#### WHAT YOU SHOULD DO
Reproduce exactly the lines below, from the first one through the line containing "Like what you", and omit any pictures.

[Collected data]
________
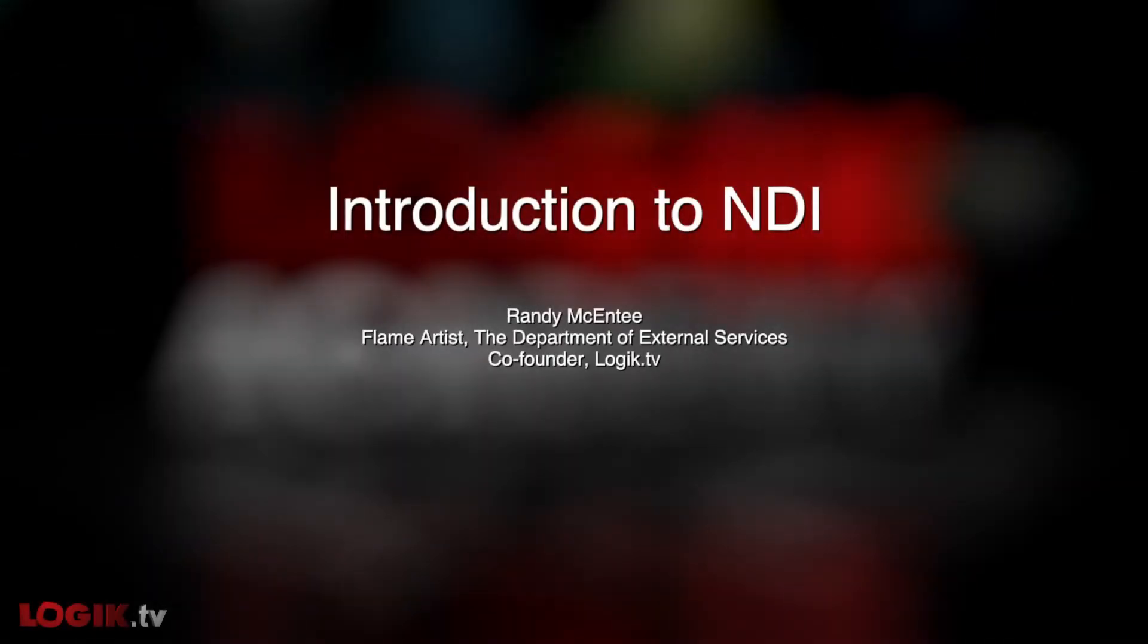Hi there, my name is Randy McEntee. I'm a Flame artist at the Department of External Services and co-founder of Logic.tv. Welcome to Logic Academy.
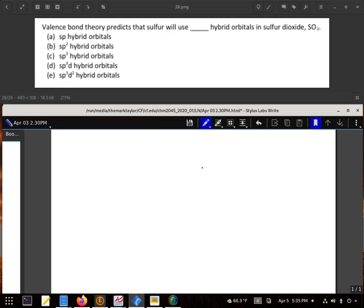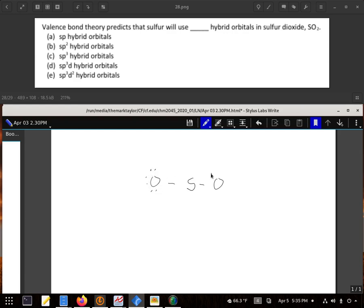Valence bond theory predicts that the sulfur will use what type of hybrid orbitals in sulfur dioxide. Alright, we're gonna figure this out by figuring out what our Lewis structure is for sulfur dioxide. Now sulfur dioxide has 18 valence electrons.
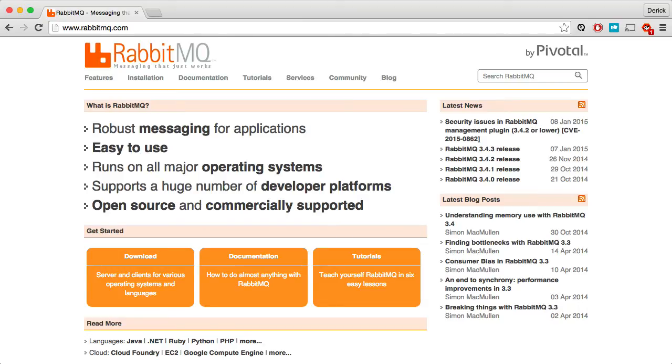If you're not familiar with RabbitMQ, it is a robust messaging system for building applications in a distributed manner. It basically allows you to communicate between applications or processes using messages instead of other protocols like HTTP or any other remote procedure calls that you may have done in the past.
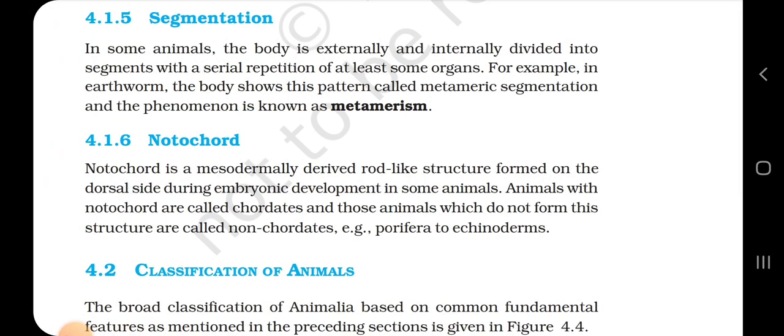4.1.5 Segmentation. In some animals, the body is externally and internally divided into segments with serial repetition of at least some organs. For example, in earthworms, the body shows this pattern called metameric segmentation and the phenomenon is known as metamerism.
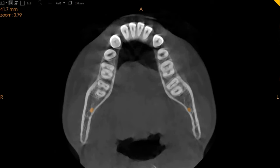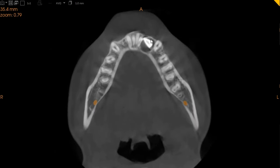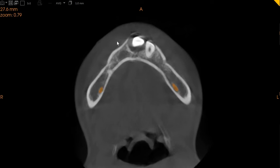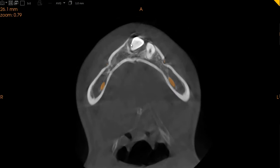As you can see from the axial view, this is the left canine right here. It's placed center of the ridge, closer to the buccal side.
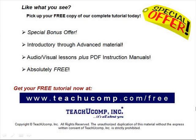Like what you see? Pick up your free copy of the complete tutorial at www.teachucomp.com/free.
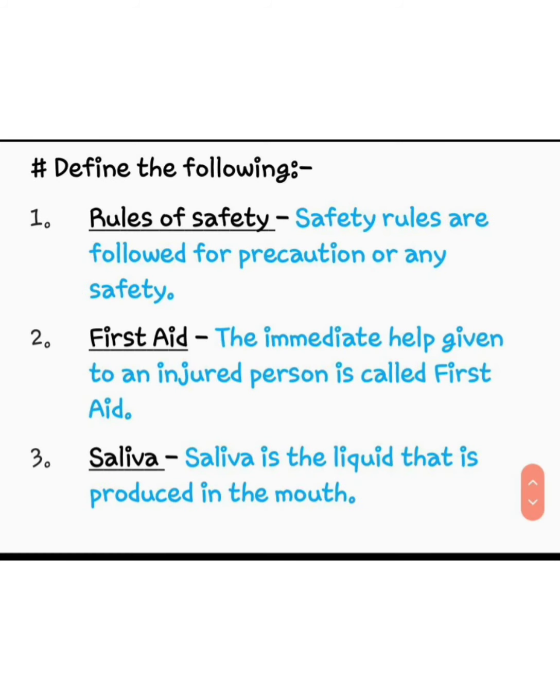Define the following. Number one: rules of safety. Safety rules are followed for precaution and any safety. Number two: first aid. The immediate help given to an injured person is called first aid. Number three: saliva. Saliva is the liquid that is produced in the mouth. Okay students, learn the question answers very carefully and do the given worksheet. Thank you, students.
________
#### ANSWER TO THIS PROBLEM
Hi there, my name is Randy McEntee. I'm a Flame artist at the Department of External Services and co-founder of Logic.tv. Welcome to Logic Academy.
Valence bond theory predicts that the sulfur will use what type of hybrid orbitals in sulfur dioxide. Alright, we're gonna figure this out by figuring out what our Lewis structure is for sulfur dioxide. Now sulfur dioxide has 18 valence electrons.
If you're not familiar with RabbitMQ, it is a robust messaging system for building applications in a distributed manner. It basically allows you to communicate between applications or processes using messages instead of other protocols like HTTP or any other remote procedure calls that you may have done in the past.
4.1.5 Segmentation. In some animals, the body is externally and internally divided into segments with serial repetition of at least some organs. For example, in earthworms, the body shows this pattern called metameric segmentation and the phenomenon is known as metamerism.
As you can see from the axial view, this is the left canine right here. It's placed center of the ridge, closer to the buccal side.
Like what you see? Pick up your free copy of the complete tutorial at www.teachucomp.com/free.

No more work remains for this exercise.